At Belmont, group protests cruelty to horses

Organizers cite thousands of deaths annually to race horses.

The start of the fifth race at Belmont

The start of the fifth race at Belmont Park in Elmont ahead of the 150th running of the Belmont Stakes on Saturday. Photo Credit: John Roca

Their voices rang out loudly, as women in tall fascinators, and men in seersucker suits skirted by. “You bet, they die.”

Though about 90,000 people were expected to descend on Belmont Park Saturday to watch the 150th running of the Belmont Stakes, at least 30 people on the outside presented a far different perspective. Horse racing, said protest organizer, Patrick Battuello is cruel, and leads to the death of thousands of animals each year.

“We have to clear that hurdle of this being viewed as a sport and these horses as athletes, but in the end, this is just exploitation,” he said. Just Thursday, a colt died at Belmont after sustaining a broken shoulder, and Battuello’s website — horseracingwrongs.com — has estimated that 2,000 race horses are killed annually. The numbers, which are broken down by state, month and year, come from Freedom of Information Act requests and published reports.

“Horses are killed after being injured and tortured for the sake of trivial human entertainment and public opinion is finally catching up with public morals in that, exploiting and abusing animals for our entertainment is completely wrong and heartless,” said Jill Carnegie, 34, of Manhattan, who cited the use of “aggressive metal bits,” as well as chains and whips.

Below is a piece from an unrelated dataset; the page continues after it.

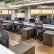 Office Efficient Office Design Modest On Pertaining To HOK S Toronto Makes Organization Feel Welcoming 11 Efficient Office Design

Unsurprisingly, the protesters weren’t generally met with approval, as hundreds walked through near Belmont’s Gate 5, a handful stopping to yell or curse at them, only for protesters to yell right back. But it was worth it, Carnegie said, even if one person changes their mind.

“The majority of people, when they come here, they want to have a good time and of course they see us as a distruption of that,” she said, adding that at least one man, a person named Lou, told her he was horrified at what he learned and turned back out of Belmont.

“I had to shake his hand and tell him what an exceptional person he is,” she said.